‘Mad Mike’ Hoare believed you get more out of life by living dangerously. And yet about 35 family and friends gathered in Durban, South Africa, on 17 March, St Patrick’s Day, to honour Mike as he turned 100 years old. Among them were five of the Wild Geese who fought with him in the Congo in the 1960s to crush a communist rebellion, rescue 2000 nuns and priests from barbarity, and defeat Che Guevara.
Asked his secrets for longevity, the Irishman always says, “Laughter is the best medicine. But more seriously, there is very little that two asprins cannot fix. And never go and see doctors because they will only find something wrong with you.” Now THAT's Irish for you.
Mike is the subject of an authoritative new biography titled ‘Mad Mike’ Hoare: The Legend, written by his son, journalist Chris Hoare; the book is available in bookshops in Ireland and the UK, and through several online outlets.
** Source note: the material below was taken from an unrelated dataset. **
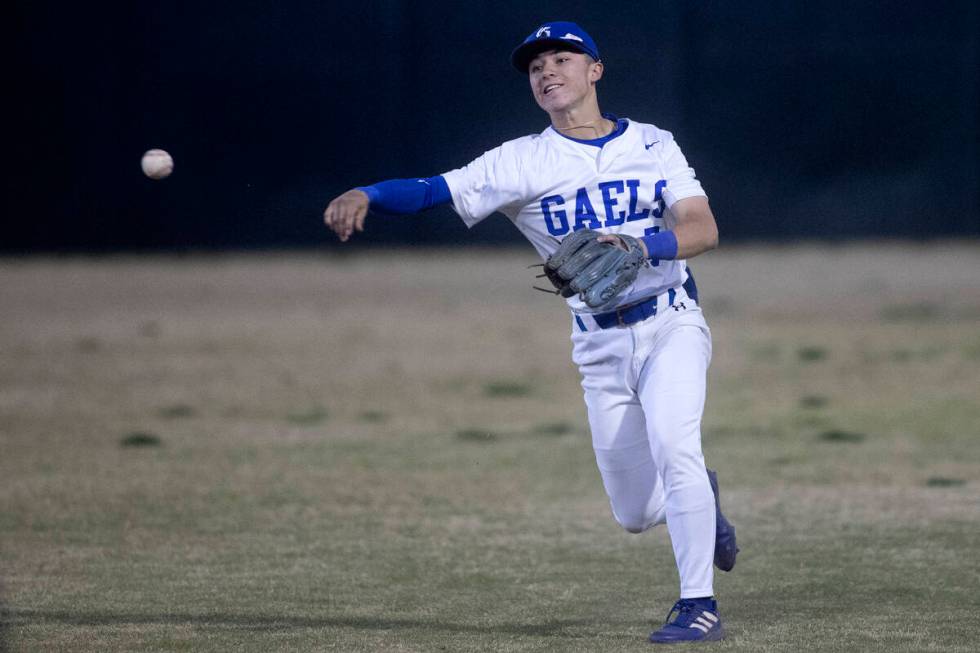 Bishop Gorman’s Colton Boardman throws in field during a high school baseball championsh ...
Mike was schooled in England and, during World War 2, was the ‘best bloody soldier in the British Army’. He was demobbed as major after seeing action at Kohima, India, qualified in London as a chartered accountant and emigrated to South Africa.
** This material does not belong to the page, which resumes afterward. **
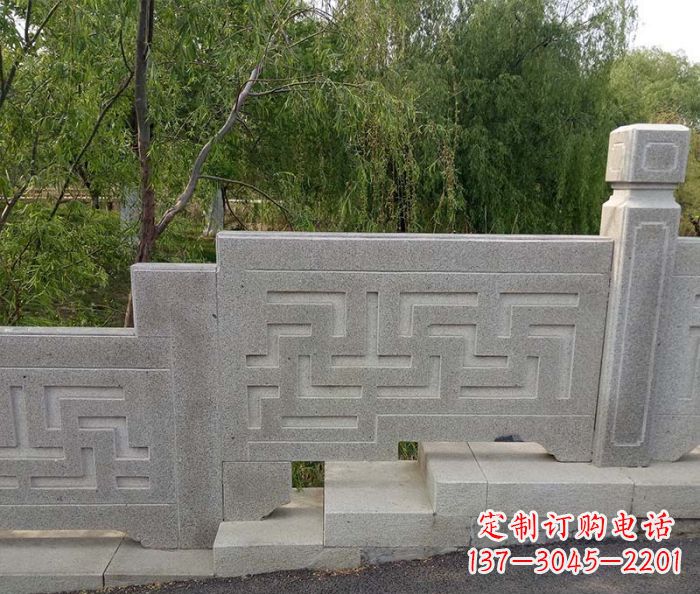 河北园林景观大理石桥栏板石雕 (7)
Going rogue, he started living dangerously to get more out of life, including trans-Africa motorbike trips, bluewater sailing, exploring remote areas, and leading safaris in the Kalahari Desert. Here Mike got to know the CIA agent who was to change his life … and Nelson Mandela’s. Later Mike was technical advisor to the film The Wild Geese, which starred Richard Burton playing the Mike Hoare character!
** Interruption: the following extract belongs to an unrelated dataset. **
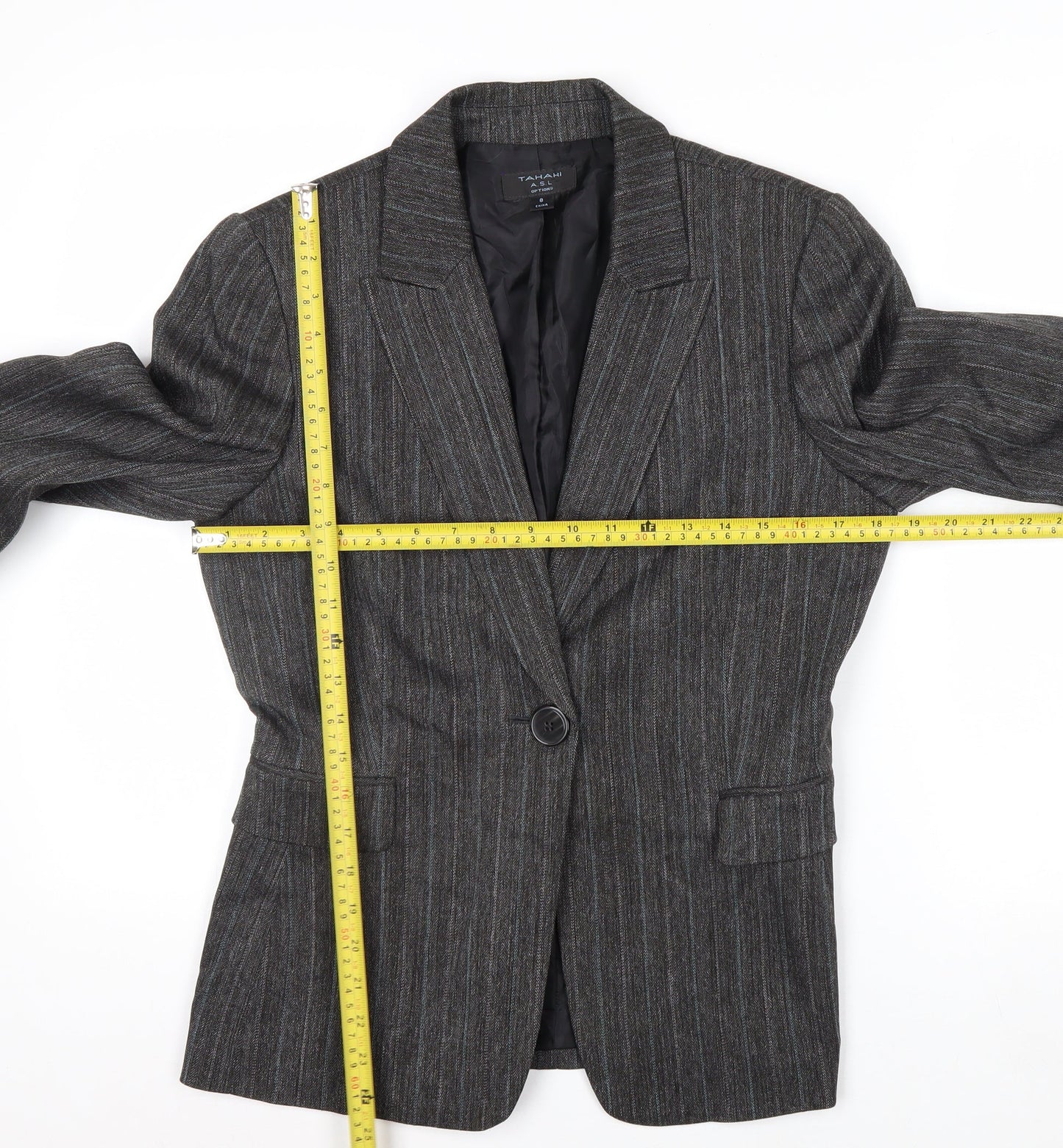 Tahari ASL Women's Grey Pinstripe Single-Breasted Blazer Size 8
In 1981 Mike led 50 ‘Frothblowers’ in a bid to depose the socialist government of the Seychelles. Things went wrong and soon Mike was to spend three years in jail for hijacking a Boeing 707 before being granted an amnesty.
Mike, who is living quietly in Durban, South Africa, now, is seen here with five of his 'Wild Geese' soldiers who came to Mike's 100th birthday party to honour him.